WHAT YOU HAVE TO DO: Whatever lies between the line that holds "Boho Flower Paw" and the final line of the records below, both included, should be repeated exactly; leave out the pictures and add nothing.

ENTRIES PROVIDED:
◇ ◇ ◇ ◇ ◇
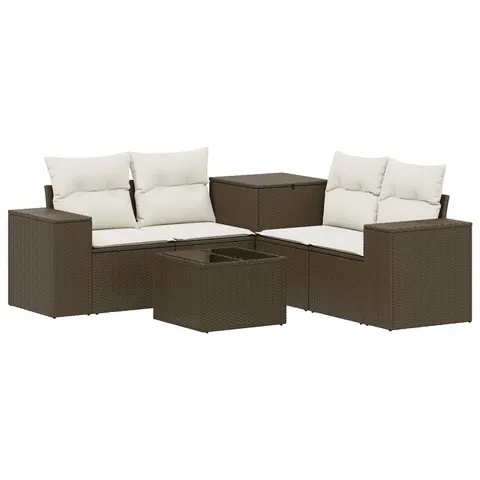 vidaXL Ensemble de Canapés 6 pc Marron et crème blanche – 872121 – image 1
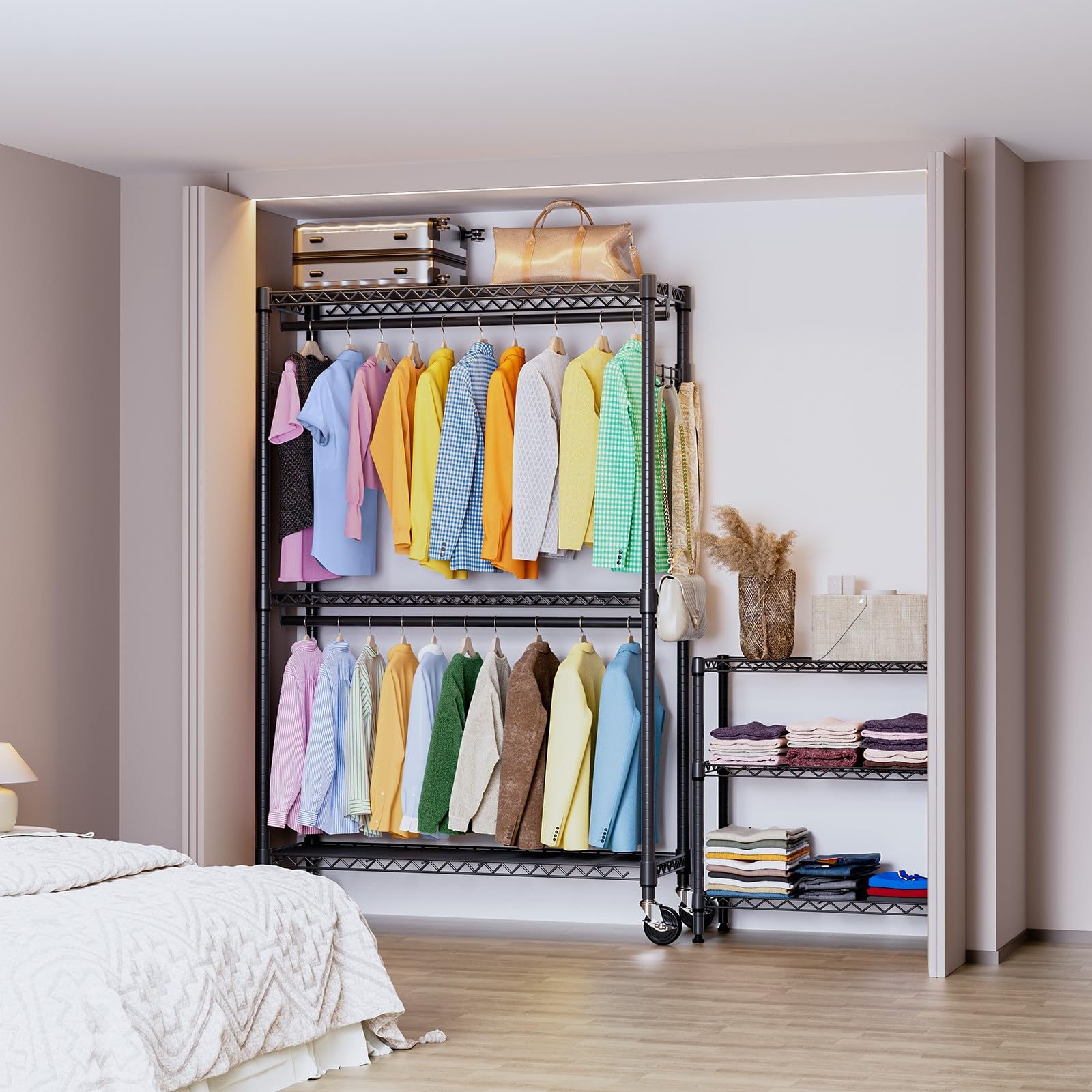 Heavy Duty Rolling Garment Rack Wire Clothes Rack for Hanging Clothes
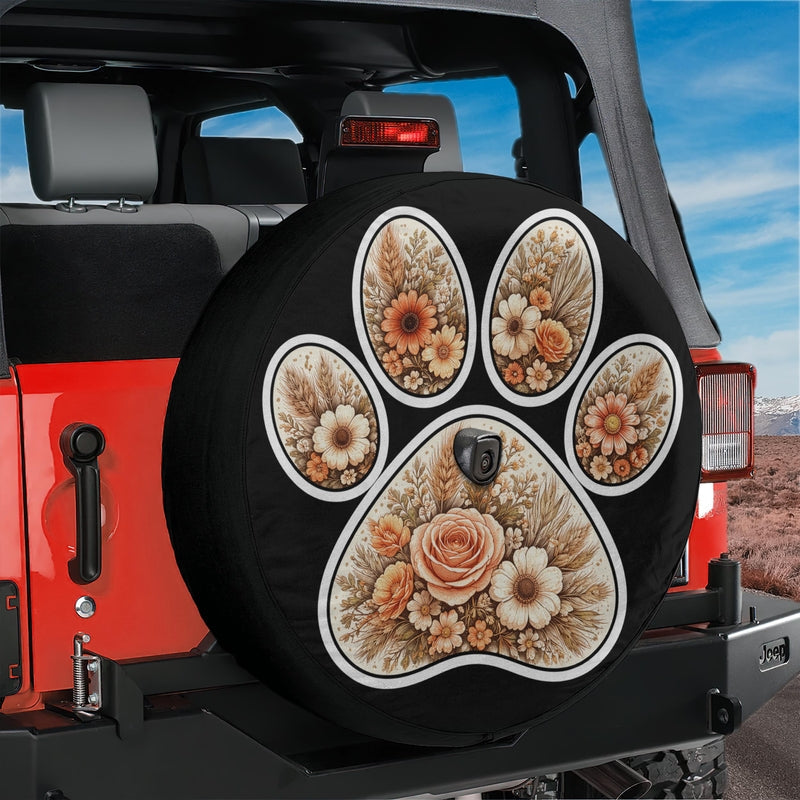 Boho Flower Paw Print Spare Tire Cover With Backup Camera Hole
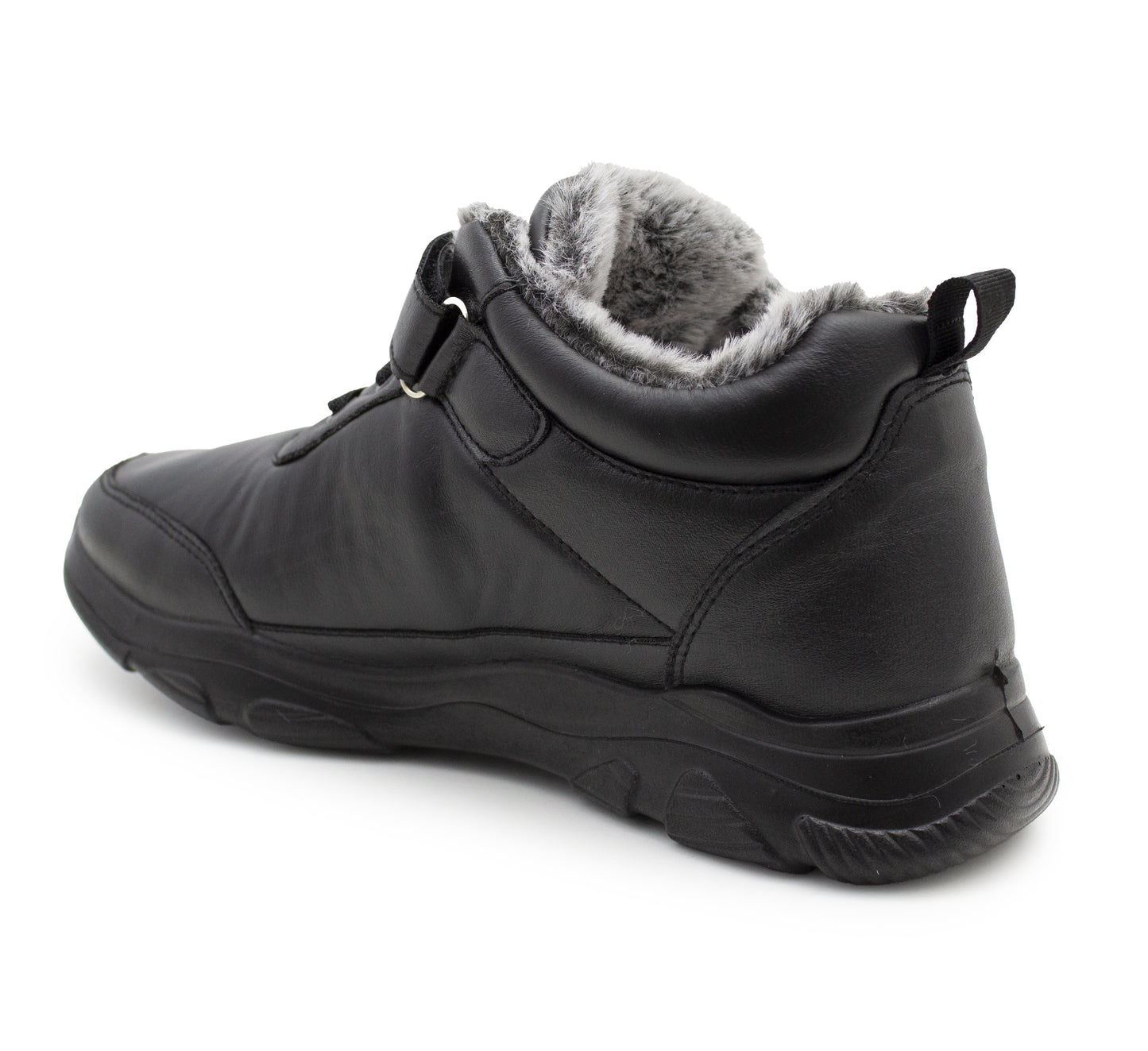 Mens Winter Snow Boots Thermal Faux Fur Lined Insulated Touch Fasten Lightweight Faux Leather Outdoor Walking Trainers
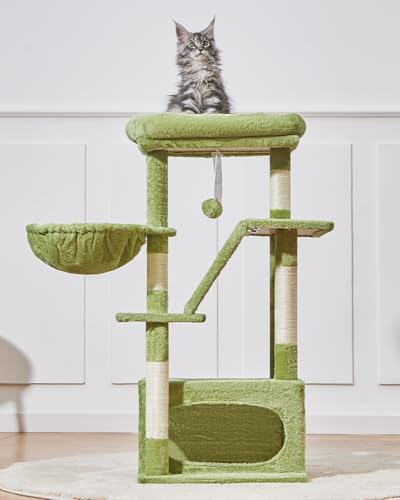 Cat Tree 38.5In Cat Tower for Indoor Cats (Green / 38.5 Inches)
◇ ◇ ◇ ◇ ◇
YOUR RESPONSE:
 Boho Flower Paw Print Spare Tire Cover With Backup Camera Hole
 Mens Winter Snow Boots Thermal Faux Fur Lined Insulated Touch Fasten Lightweight Faux Leather Outdoor Walking Trainers
 Cat Tree 38.5In Cat Tower for Indoor Cats (Green / 38.5 Inches)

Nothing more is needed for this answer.